Now, my friends, you have here just printed and pub—lish—ed, the Full, True, and Particular account of the Life, Trial, Character, Confession, Condemnation, and Behaviour, together with an authentic copy of the last Will and Testament: or Dying Speech, of that eccentric individual “Old Jemmy Catnach,” late of the Seven Dials, printer, publisher, toy-book manufacturer, dying-speech merchant, and ballad-monger. Here, you may read how he was bred and born the son of a printer, in the ancient Borough of Alnwick, which is in Northumberlandshire. How he came to London to seek his fortune. How he obtained it by printing and publishing children’s books, the chronicling of doubtful scandals, fabulous duels between ladies of fashion, “cooked” assassinations, and sudden deaths of eminent individuals, apocryphal elopements, real or catch-penny accounts of murders, impossible robberies, delusive suicides, dark deeds and public executions, to which was usually attached the all-important and necessary “Sorrowful Lamentations,” or, “Copy of Affectionate Verses,” which, according to the established custom, the criminal composed, in the condemned cell, the night before his execution.

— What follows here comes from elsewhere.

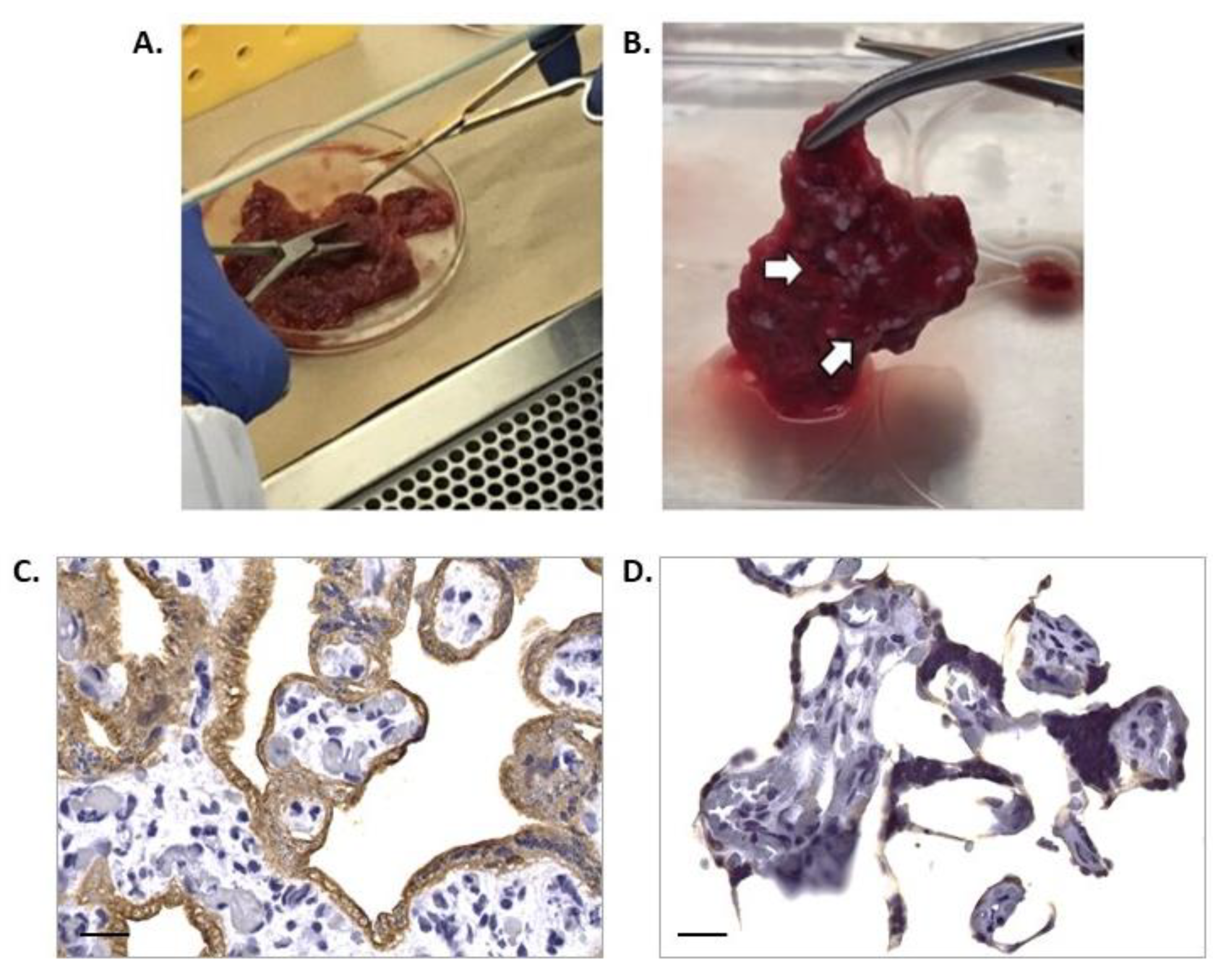 Mps 07 00016 g003 Mps 07 00016 g003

Yes, my customers, in this book you’ll read how Jemmy Catnach made his fortune in Monmouth Court, which is to this day in the Seven Dials, which is in London. Not only will you read how he did make his fortune, but also what he did and what he didn’t do with it after he had made it. You will also read how “Old Jemmy” set himself up as a fine gentleman:—James Catnach Es—quire.

And how he didn’t like it when he had done it. And how he went back again to dear old Monmouth Court, which is in the Seven Dials aforesaid. And how he languished, and languishing, did die—leaving all his old mouldy coppers behind him—and how being dead, he was buried in Highgate Cemetery.

Furthermore, my ready-money customers, you are informed that there are only 750 copies of the work print-ed and pub-lish-ed, viz., namely that is to say;—500 copies on crown 8vo, at 12/6 each.

250 copies on demy 8vo., at 25/- each.

LONDON:
REEVES AND TURNER,
196, STRAND, W.C.
1878.

The Seven Dials!—Jemmy Catnach and Street Literature are, as it were, so inseparably bound together that we now propose to give a short history of the former to enable us to connect our own history with the later:—

The Seven Dials were built for wealthy tenants, and Evelyn, in his Diary, 1694, notes: “I went to see the building near St. Giles’s, where Seven Dials make a star from a Doric pillar placed in the middle of a circular area, in imitation of Venice.” The attempt was not altogether in vain. This part of the parish has ever since “worn its dirt with a difference.” There is an air of shabby gentility about it. The air of the footman or waiting-maid can be recognised through the tatters, which are worn with more assumption than those of their unsophisticated neighbours.

“You may break, you may shatter the vase if you will;
But the scent of the roses will hang round it still.”